The Kiss (Lovers) was painted by the Austrian Symbolist painter Gustav Klimt in 1908. This painting was the pinnacle of what is referred to as his “Golden Period,” when he painted several works in this gilded style.
While searching for paintings that would inspire me to write I did a search “The Kiss.” One such work I posted yesterday. Of course another one is what you see today, but there are many more. The message is the kiss is an important part of human life. And of course the kiss is an important prelude to sexual intercourse. The tongue being part of the erogenous zone of the mouth also has a significant role in sexual behavior.
To me kissing is interesting as well as exciting when I am the recipient. On that note I may just spend some time and do a third The Kiss.
The Kiss, Robert A. Sieczkiewicz
Tween thee and me, no words need to be said.
Beating hearts, the only sound to be heard.
Thy wispiest of smiles moves me to bed.
Perfumed air holds scent of love undeterred.
Inflamed am I touching thy golden hair,
Gently with finger tracing thy mint lips.
Leaning into thee I drink of thy air.
Thy peerless beauty begs euphoric trips.
Eros has made my heart a slave to thee,
It is thee shall I forever adore.
In your tend’r arms sheltered I am to be,
Touch of thy flesh desired does my blood soar.

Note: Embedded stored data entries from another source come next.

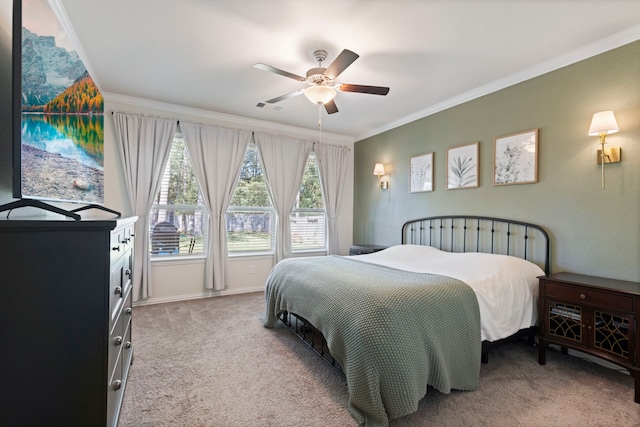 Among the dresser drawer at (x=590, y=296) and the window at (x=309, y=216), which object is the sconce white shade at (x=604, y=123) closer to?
the dresser drawer at (x=590, y=296)

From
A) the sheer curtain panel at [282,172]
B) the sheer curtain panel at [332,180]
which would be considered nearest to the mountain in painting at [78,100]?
the sheer curtain panel at [282,172]

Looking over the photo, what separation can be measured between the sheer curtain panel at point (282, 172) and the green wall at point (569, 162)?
84.5 inches

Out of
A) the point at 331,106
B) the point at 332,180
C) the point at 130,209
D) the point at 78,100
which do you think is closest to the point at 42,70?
the point at 78,100

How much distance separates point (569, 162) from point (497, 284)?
4.51ft

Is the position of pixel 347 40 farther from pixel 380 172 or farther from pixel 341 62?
pixel 380 172

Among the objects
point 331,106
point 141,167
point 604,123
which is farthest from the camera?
point 141,167

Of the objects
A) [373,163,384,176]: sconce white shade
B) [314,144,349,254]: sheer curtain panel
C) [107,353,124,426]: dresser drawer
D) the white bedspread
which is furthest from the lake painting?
[373,163,384,176]: sconce white shade

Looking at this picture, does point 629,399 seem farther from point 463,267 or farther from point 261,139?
point 261,139

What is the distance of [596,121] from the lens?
2393mm

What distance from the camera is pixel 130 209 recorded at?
3.85m

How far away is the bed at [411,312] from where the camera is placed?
167 cm

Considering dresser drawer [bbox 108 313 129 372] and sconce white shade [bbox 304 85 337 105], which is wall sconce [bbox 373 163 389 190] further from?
dresser drawer [bbox 108 313 129 372]

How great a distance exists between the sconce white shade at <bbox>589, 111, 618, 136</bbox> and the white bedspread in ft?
4.01

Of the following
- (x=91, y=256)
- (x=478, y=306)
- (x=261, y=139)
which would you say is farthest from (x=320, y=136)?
(x=91, y=256) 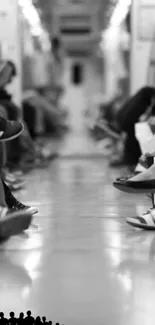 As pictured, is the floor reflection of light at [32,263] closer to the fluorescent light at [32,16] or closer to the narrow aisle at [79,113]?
the narrow aisle at [79,113]

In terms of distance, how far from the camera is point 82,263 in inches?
86.7

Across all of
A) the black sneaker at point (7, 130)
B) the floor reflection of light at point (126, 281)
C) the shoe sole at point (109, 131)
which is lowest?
the shoe sole at point (109, 131)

Every time our lips do quietly meet,
I sip of love’s fountain ever so sweet.
Jean-Louis-André-Théodore Géricault was a painter who had significant influence on the development of Romantic art in France. Many of his drawings are more powerful in meaning than his paintings. This is a point to why I took one of his drawings as a subject for a poem. The Kiss (le baiser) has so much energy in it. Why it got my attention is probably because of my love for Antonio Canova’s Psyche Revived by Cupid’s Kiss.
Waiting, Robert A. Sieczkiewicz
The waters are still, here I sit waiting;
Waiting to hear what will your answer be.

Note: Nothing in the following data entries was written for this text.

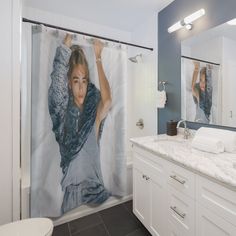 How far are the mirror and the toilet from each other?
1.54 meters

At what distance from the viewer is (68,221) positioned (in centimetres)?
172

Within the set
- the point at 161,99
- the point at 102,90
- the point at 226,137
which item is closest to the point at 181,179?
the point at 226,137

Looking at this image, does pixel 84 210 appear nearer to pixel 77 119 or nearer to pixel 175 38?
pixel 77 119

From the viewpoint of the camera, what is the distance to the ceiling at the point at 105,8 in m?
1.87

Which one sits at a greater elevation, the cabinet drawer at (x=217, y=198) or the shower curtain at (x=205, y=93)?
the shower curtain at (x=205, y=93)

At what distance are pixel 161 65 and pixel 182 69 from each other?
33 cm

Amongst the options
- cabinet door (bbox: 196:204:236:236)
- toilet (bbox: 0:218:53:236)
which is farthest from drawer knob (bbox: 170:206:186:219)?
toilet (bbox: 0:218:53:236)

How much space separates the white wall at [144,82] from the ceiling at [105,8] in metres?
0.17

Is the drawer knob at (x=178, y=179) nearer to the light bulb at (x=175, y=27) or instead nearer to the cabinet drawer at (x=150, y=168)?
the cabinet drawer at (x=150, y=168)

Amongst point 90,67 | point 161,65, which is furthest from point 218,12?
point 90,67

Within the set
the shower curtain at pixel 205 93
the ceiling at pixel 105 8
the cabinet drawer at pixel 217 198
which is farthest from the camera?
the ceiling at pixel 105 8

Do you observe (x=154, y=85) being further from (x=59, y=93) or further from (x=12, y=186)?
(x=12, y=186)

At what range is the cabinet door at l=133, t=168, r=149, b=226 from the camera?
1.47 metres

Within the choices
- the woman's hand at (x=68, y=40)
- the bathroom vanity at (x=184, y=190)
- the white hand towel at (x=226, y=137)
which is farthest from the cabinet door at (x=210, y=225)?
the woman's hand at (x=68, y=40) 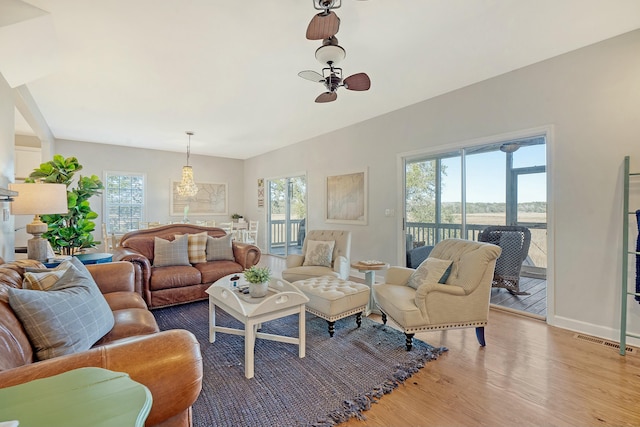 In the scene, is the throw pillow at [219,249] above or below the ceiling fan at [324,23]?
below

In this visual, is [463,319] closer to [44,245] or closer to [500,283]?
[500,283]

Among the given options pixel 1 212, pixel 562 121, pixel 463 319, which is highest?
pixel 562 121

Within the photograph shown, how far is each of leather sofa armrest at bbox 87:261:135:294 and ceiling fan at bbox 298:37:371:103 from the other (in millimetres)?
2319

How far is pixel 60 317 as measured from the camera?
1.42 meters

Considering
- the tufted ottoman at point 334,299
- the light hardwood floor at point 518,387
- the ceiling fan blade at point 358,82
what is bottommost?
the light hardwood floor at point 518,387

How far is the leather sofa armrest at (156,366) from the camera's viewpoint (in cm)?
106

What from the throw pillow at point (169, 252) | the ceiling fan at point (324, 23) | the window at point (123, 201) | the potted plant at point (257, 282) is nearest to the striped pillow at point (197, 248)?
the throw pillow at point (169, 252)

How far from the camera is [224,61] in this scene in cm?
302

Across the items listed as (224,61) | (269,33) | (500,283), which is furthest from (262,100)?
(500,283)

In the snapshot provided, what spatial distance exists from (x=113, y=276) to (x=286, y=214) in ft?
15.9

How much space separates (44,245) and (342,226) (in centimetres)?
413

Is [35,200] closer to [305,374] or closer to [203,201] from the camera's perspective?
[305,374]

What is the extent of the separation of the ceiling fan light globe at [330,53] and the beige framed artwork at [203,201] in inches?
258

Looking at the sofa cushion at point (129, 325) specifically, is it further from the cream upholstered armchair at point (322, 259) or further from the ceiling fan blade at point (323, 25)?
the ceiling fan blade at point (323, 25) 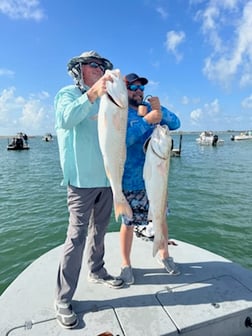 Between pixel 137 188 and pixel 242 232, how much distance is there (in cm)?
621

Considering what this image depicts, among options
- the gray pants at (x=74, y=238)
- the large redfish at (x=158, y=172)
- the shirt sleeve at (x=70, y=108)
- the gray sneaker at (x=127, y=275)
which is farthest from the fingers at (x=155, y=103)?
the gray sneaker at (x=127, y=275)

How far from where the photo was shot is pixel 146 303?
8.81 feet

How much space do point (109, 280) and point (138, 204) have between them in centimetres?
86

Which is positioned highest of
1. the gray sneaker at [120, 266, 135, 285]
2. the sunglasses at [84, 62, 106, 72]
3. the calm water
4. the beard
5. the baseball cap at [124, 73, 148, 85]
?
the sunglasses at [84, 62, 106, 72]

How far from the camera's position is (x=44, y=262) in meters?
3.46

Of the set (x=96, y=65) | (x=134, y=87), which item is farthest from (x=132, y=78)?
(x=96, y=65)

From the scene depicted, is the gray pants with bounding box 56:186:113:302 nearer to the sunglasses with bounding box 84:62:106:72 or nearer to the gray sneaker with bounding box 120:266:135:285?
the gray sneaker with bounding box 120:266:135:285

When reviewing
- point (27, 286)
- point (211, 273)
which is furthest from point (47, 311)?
point (211, 273)

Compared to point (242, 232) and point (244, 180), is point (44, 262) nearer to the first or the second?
point (242, 232)

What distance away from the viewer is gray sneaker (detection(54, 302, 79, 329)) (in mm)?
2379

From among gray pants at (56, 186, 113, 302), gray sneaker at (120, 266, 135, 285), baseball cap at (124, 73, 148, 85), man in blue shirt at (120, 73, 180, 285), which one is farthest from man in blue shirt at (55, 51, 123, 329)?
gray sneaker at (120, 266, 135, 285)

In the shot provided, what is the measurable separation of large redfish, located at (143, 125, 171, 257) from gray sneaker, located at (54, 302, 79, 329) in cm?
92

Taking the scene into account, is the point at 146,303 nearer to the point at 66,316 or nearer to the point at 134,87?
the point at 66,316

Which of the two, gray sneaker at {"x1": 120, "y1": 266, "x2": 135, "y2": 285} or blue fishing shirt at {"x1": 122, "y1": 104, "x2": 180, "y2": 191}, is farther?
gray sneaker at {"x1": 120, "y1": 266, "x2": 135, "y2": 285} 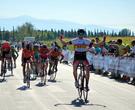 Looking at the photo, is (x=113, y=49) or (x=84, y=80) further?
(x=113, y=49)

No more will I wait anticipating,
That in your life there will be only me,
Tis true I am moved by your tender touch,
I feel alive by your smile sent my way.
My heart says it is yours I wish to clutch,
However from my desire I will not sway.
It is my desire to be man and wife.
No more lonely nights in my bed alone.
The home together made shall be so rife,
From your many seeds which will have been sown.

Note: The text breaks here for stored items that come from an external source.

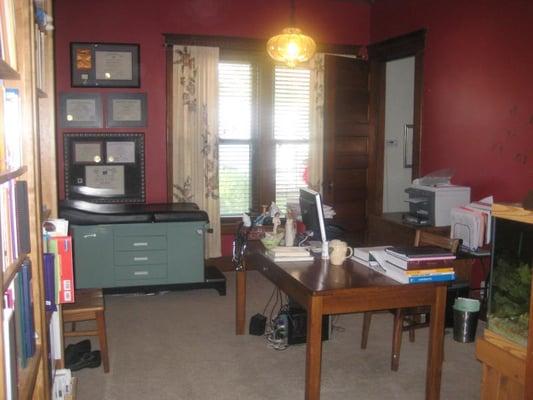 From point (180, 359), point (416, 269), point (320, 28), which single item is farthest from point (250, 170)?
point (416, 269)

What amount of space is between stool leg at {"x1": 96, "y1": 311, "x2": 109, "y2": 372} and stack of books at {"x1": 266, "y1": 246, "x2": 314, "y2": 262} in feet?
3.47

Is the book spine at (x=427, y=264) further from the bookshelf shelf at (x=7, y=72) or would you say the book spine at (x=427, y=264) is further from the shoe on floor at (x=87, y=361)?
the shoe on floor at (x=87, y=361)

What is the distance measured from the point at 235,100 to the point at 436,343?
11.9 feet

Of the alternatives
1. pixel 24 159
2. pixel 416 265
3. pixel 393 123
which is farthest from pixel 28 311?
pixel 393 123

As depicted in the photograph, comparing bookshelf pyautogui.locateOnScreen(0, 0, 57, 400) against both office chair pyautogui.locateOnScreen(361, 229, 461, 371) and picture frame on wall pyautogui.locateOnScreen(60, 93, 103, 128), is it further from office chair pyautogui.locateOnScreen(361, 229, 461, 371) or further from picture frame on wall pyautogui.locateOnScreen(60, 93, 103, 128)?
picture frame on wall pyautogui.locateOnScreen(60, 93, 103, 128)

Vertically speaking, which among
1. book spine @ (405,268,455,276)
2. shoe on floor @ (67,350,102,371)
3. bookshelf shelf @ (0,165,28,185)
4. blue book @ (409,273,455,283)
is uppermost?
bookshelf shelf @ (0,165,28,185)

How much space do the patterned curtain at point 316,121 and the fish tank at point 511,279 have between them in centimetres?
366

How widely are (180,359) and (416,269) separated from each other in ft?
5.50

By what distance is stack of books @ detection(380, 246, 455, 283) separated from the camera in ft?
8.81

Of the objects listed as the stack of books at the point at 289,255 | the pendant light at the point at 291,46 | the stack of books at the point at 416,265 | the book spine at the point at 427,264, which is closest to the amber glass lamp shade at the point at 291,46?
the pendant light at the point at 291,46

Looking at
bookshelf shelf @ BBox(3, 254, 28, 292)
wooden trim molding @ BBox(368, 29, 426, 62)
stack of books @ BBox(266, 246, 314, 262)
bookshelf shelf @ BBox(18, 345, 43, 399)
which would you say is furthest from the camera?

Let it be known I make it very clear,
That we shall be married within a year.
Waiting painted by James (Jacques) Joseph Tissot was sold by Christie’s for $965,500 GBP, but no where can I find the year it was painted. The important point is that the expression on the woman’s face is what really got my attention. Such determination. For sure whatever was in her mind she was intent of achieving her goal. That look was enough for me to write this poem.
Interior, Robert A. Sieczkiewicz
Bluer then the dress I wear is my mood.
In his den I am a trophy captured,
All to do in my prison is to brood,
No dialog, many a wasted word.
To be on the other side of this pane,
Plain air to touch my soul, to be so free,
Walking along the banks of River Seine,
Looking at sails wishing one could be me.
Servants’ traveling is greater than mine.
Go to boulangerie would be a treat.
Even better yet is with friends to dine,
But as any night, in the loft we eat.
Look at those many people on the street,
Each with problems but at times life is sweet.
Gustave Caillebotte a French painter who aligned himself with the Impressionistic movement painted Interior 1880. It appears as though the woman is a house cat. Always basking in the sun’s rays. Given the posture of the gentleman her presence is not felt. Just another fixture in the loft. I feel that she does not want to be a house cat. She desires to be out in the world. She may or may not have or wants to have a lover. To me personal freedom within reason should always be a top priority.
In Love, Robert A. Sieczkiewicz
Sun raining down upon your flawlessness,
Does make my poor weakened body frozen.
It is you my heart desires to possess.
Will be totally yours if be chosen.
Your heart so still, has Cupid yet to pierce?
Calm you sit as if I do not exist,
Causing within my heart a pain so fierce,
Though trying, it is you I can’t resist.
Before you the apple I having placed,
As if it were my heart for you to take.
With your wet lips the apple should be graced.
Bite deep so that a union we may make.
Of your beauty many visions I have drawn,
Not to be fulfilled I shall forev’r mourn.
Marcus Stone was an English painter. He painted In Love in 1888. As soon as I came across this painting I knew a love poem would be an easy and enjoyable task. It is so full of tension and love. The signs are many. The apple tree set in the Garden of Eden. And of course the apples themselves. The statue of Cupid. His bow is not ready for action, at least not for the young lady. What was a clincher for me was the placement of one of the apples. Did the gentleman place it their? Are the roles reverse, where he is the tempter? The position of the gentleman shows eyes riveted on the young lady, yet his right arm is not in a relaxed position. Sewing is a task that takes undivided attention. That means she is not giving it to him. Something that he desires.
Back to the apples. I question the placement of them. It could be read as he is not going to give up for he as more apples ready to place before her. It is not the first time he has tried, look at the apple on the ground. A sign of failure.